Quasi sempre l’immaginario pittorico di Enrico Della Torre si è mosso sulle sponde dell’Adda: il fiume che attraversa Pizzighettone, dove nacque nel giugno 1931, e di cui ha risalito a ritroso la corrente fino ai monti della Valtellina, dove si è spento il 29 luglio 2022. Era sufficiente osservarne la riva per apprendere il ritmo astratto dei filari d’alberi, traducendoli con sintassi lirica e geometrica, persino architettonica negli anni più maturi. Ma era come se bastasse immergersi sott’acqua per imbattersi in uno scenario notturno popolato di presenze: due cerchi a distanza ravvicinata come occhi emergenti dall’oscurità.

PRESTO DECISE che questo sarebbe stato il suo universo, chiudendo fuori dalla porta dello studio di Milano – dove aveva studiato a Brera e dove si era stabilito negli anni Sessanta – il rumore di una città in rapida trasformazione: per sé scelse una dimensione ascetica e sofisticata, che nel rigore del lavoro placava un’inquietudine esistenziale tutt’altro che fuori tempo. Per tutta la vita, infatti, aveva unito alla libertà della pittura la disciplina dell’incisione, tanto che a quest’ultima aveva dedicato già nel 2012 un catalogo ragionato, firmato da Sandro Parmiggiani, prima di decidersi a riordinare quello dei dipinti, curato da Francesco Tedeschi, anch’esso per i tipi Skira, nel 2021. In questa oscillazione stava il contrasto fra l’istinto a una grafia fluida e una limpida nitidezza.

LO AVEVA CAPITO Guido Ballo, nel 1955, definendo la sua una generazione di «antiscapigliati», che volevano raccontare un ricco mondo interiore, tornando alle luci di Morandi e Matisse come antidoto all’Informale lombardo. «La passione», aveva annotato nel 1958, «va fermata e spiegata con un linguaggio il più teso possibile».
La «lirica razionalità» di cui parlerà Roberto Tassi, che più di altri credette nel suo lavoro, ne aveva fatto un pittore caro ai poeti, da collocarsi nel museo immaginario di Vittorio Sereni – folgorato a fine Settanta dalla luce estiva e intensa di un suo dipinto – e fra le sobrie predilezioni di Dante Isella, nonché nei piccoli libri di Vanni Scheiwiller.

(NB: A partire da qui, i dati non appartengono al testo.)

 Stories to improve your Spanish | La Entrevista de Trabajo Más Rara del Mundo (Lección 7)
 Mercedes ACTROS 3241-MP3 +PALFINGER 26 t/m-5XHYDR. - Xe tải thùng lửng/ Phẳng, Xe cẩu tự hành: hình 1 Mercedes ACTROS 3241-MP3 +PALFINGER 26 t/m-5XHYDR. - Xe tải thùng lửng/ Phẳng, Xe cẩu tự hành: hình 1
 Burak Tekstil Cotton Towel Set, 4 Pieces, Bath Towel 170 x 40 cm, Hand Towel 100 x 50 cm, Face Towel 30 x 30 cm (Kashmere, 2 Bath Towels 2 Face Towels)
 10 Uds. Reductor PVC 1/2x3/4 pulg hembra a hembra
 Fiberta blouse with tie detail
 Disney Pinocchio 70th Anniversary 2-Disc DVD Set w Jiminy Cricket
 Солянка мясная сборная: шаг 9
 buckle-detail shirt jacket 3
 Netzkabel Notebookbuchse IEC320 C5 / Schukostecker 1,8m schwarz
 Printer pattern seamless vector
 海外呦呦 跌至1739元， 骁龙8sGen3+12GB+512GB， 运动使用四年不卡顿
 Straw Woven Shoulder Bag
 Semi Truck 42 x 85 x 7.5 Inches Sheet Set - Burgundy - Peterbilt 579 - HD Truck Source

È PIÙ CHIARO, così, il senso di una ricerca estranea alla retorica magniloquente di molta avanguardia, di tono pacato e spirito riflessivo nell’arte quanto nella vita. Lo ricorda un suo quadro dipinto nel 1958, ora al Museo del Novecento di Milano, che Enrico ha amato moltissimo: una Felce di pochissime, analitiche righe. Ancora una volta sulle sponde del fiume, a pelo d’acqua.